EXERCISE DIRECTIONS:
Below are the records; return every line from the one that contains "Fasole Fiacre Giallo" to the last, exactly, skipping the pictures.
##############################
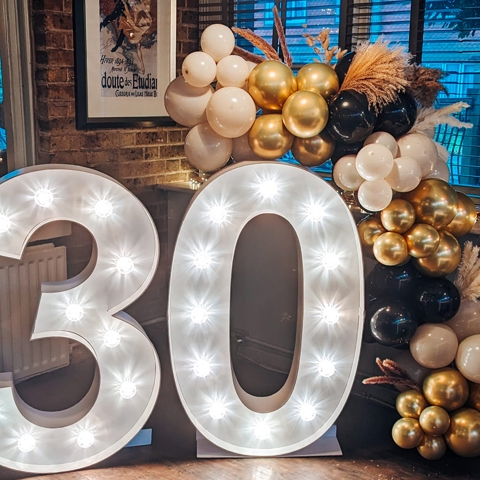 Mini Garland LED Display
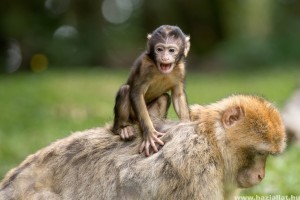 30 éven belül a főemlősök jelentős része eltűnhet Afrikában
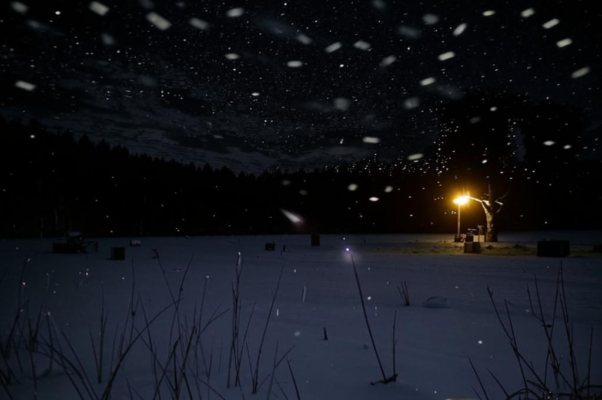 «Сумерки шире спадали...»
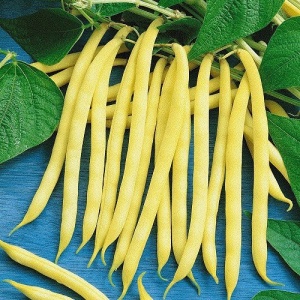 Fasole Fiacre Giallo (10 g) seminte soi timpuriu productiv, fasole urcatoare fideluta galbena, fara ate, Prima Sementi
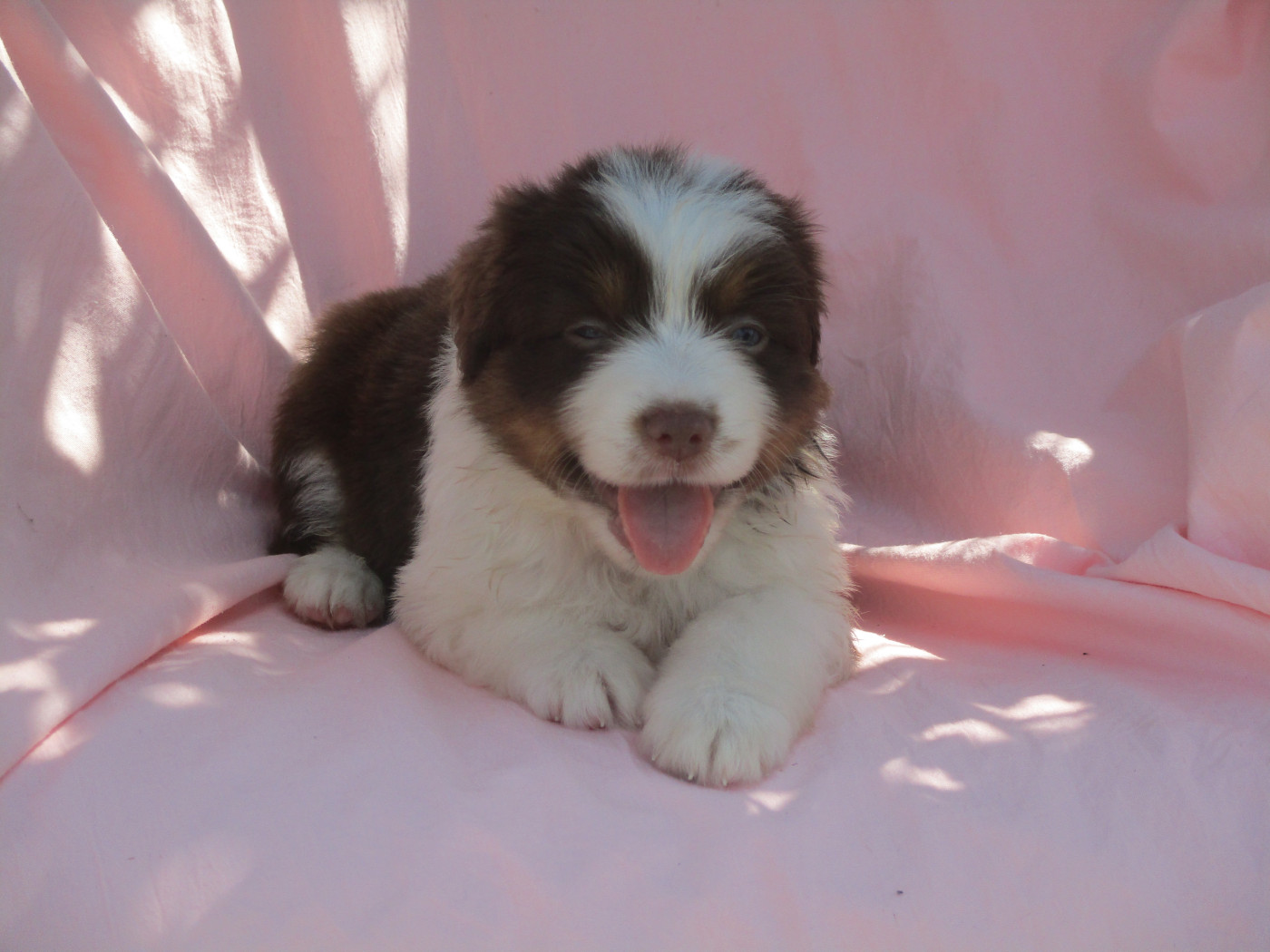 d'Erland - Chiots disponibles - Berger Américain Miniature 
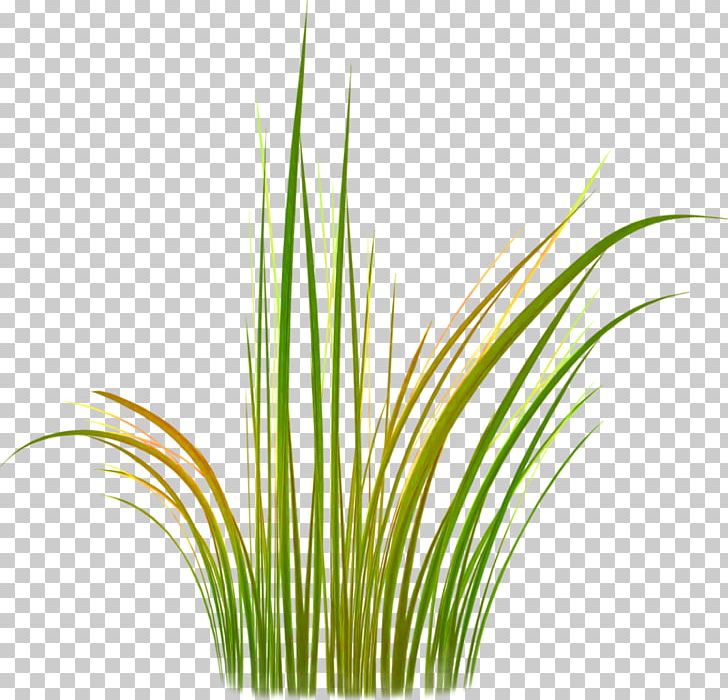 Sweet Grass Vetiver Lemongrass Wheatgrass Plant Stem PNG, Clipart, Agac, Agac Resimleri, Aquarium, Aquarium Decor, Chrysopogon Free PNG Download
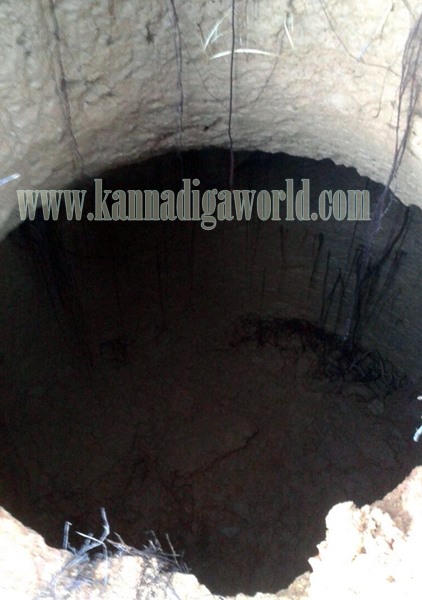 Vandse_Kopparige_Utkanana (1)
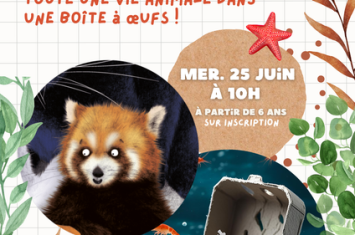 Partir en livre : Toute une vie animale dans une boîte à œufs !_Seyne
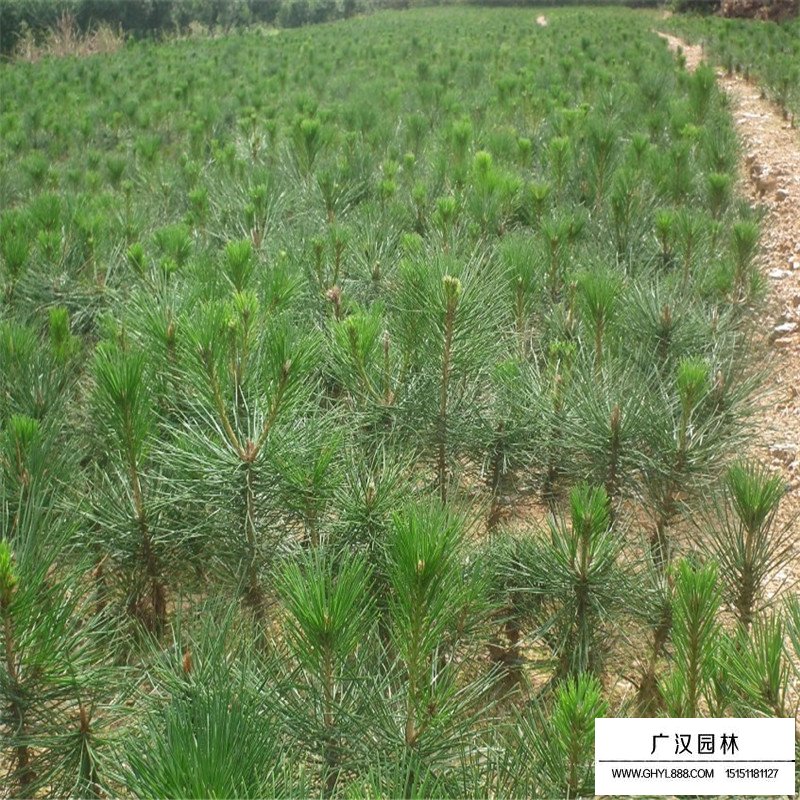 最新的白皮松價格表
##############################
EXPECTED OUTPUT:
 Fasole Fiacre Giallo (10 g) seminte soi timpuriu productiv, fasole urcatoare fideluta galbena, fara ate, Prima Sementi
 d'Erland - Chiots disponibles - Berger Américain Miniature 
 Sweet Grass Vetiver Lemongrass Wheatgrass Plant Stem PNG, Clipart, Agac, Agac Resimleri, Aquarium, Aquarium Decor, Chrysopogon Free PNG Download
 Vandse_Kopparige_Utkanana (1)
 Partir en livre : Toute une vie animale dans une boîte à œufs !_Seyne
 最新的白皮松價格表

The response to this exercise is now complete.